Why is this relevant?
As you have read throughout this report, most of these vulnerabilities were discovered almost a decade ago. Unfortunately, even with fixes and patches being made available, attackers still exploited them in the wild. Our previous report on active state of vulnerabilities showed the same trend for newer and popular vulnerabilities, as well.
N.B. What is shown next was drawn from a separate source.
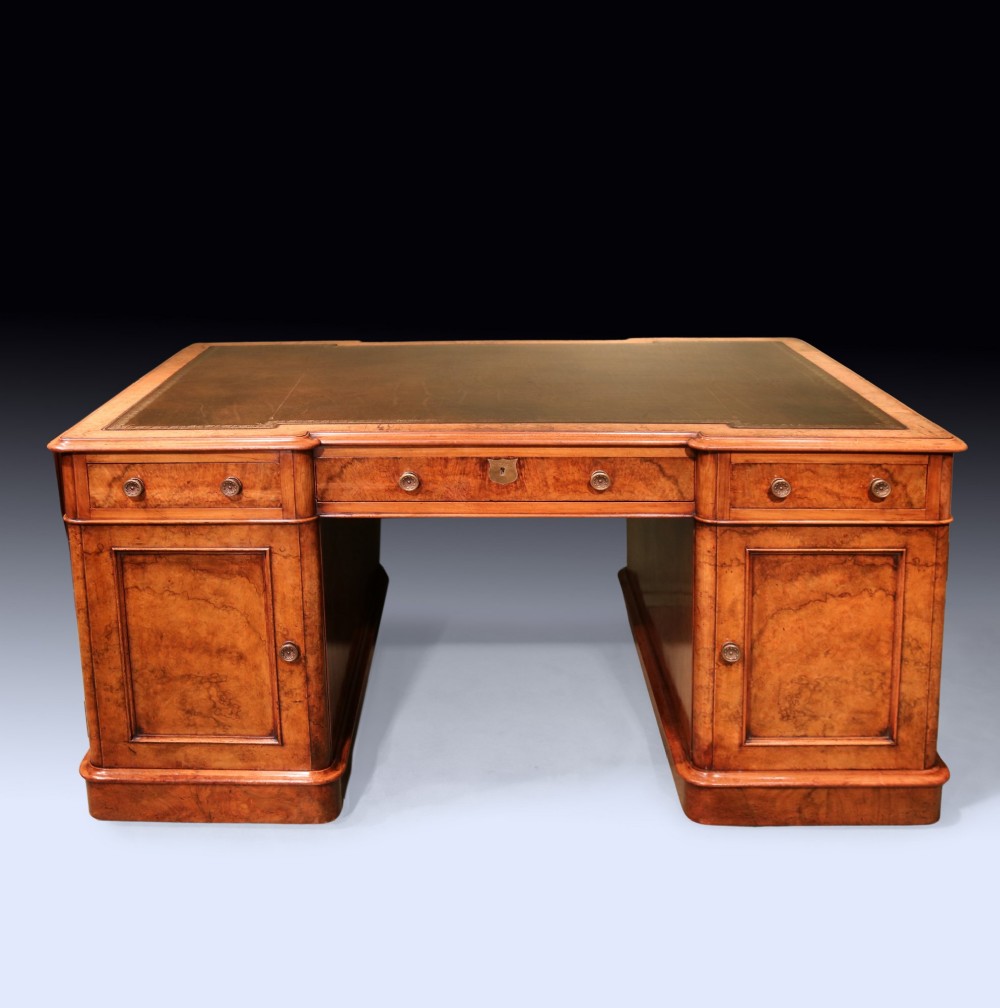 A mid 19th-century Victorian burr walnut pedestal desk featuring a green leather inset top, rounded corners, multiple drawers with turned wooden knobs, and a plinth base. View V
So, the questions we now need to ask are: Why are there so many vulnerable publicly exposed servers? Why aren’t patches being applied? Why aren’t organizations working towards fixing their security flaws?
A few causations:
- The lack of ability to track and log various services running on a network
- The ability to vouch for and apply patches to assets of the organization without disrupting workflow
- The slow reaction to discovered zero-days
What lies ahead? The Age of Zero Days
With 2021 opening on a grand note with the Exchange Server RCE bugs and ending with the Log4j exploit, we see a sharp increase in the number of zero-day vulnerabilities. This zero-day tracking project shows the number of zero-days increased two-fold compared to 2020. More than 59 zero-days were logged in 2021. These zero-day vulnerabilities created a cybersecurity nightmare for organizations incurring about $6 trillion in damages. Making matters worse for cybersecurity teams is the fact that as Proof of Concepts (POCs) have become publicly available major threat actors and even hobbyists have joined in on hunting and exploiting vulnerable instances adding to more logging woes.
Many researchers sell their zero-day exploits for hefty sums of money either to bounty programs like Zerodium or to private individuals on the Dark Web.
The coming decade has not started off well for cybersecurity teams. The pandemic has forced companies to adopt a work from home model, which has led to further security problems with new technologies being implemented with less training. This trend is going to stick with some major companies even making it a permanent shift.
With the addition of new approaches of security, Improved firewall technology, Sophisticated end point detection and response systems (EDR) and Implementation of AI shows how necessity breeds rapid innovation. Cybersecurity solutions have seen major progress over the years and are in great shape to face what is yet to come.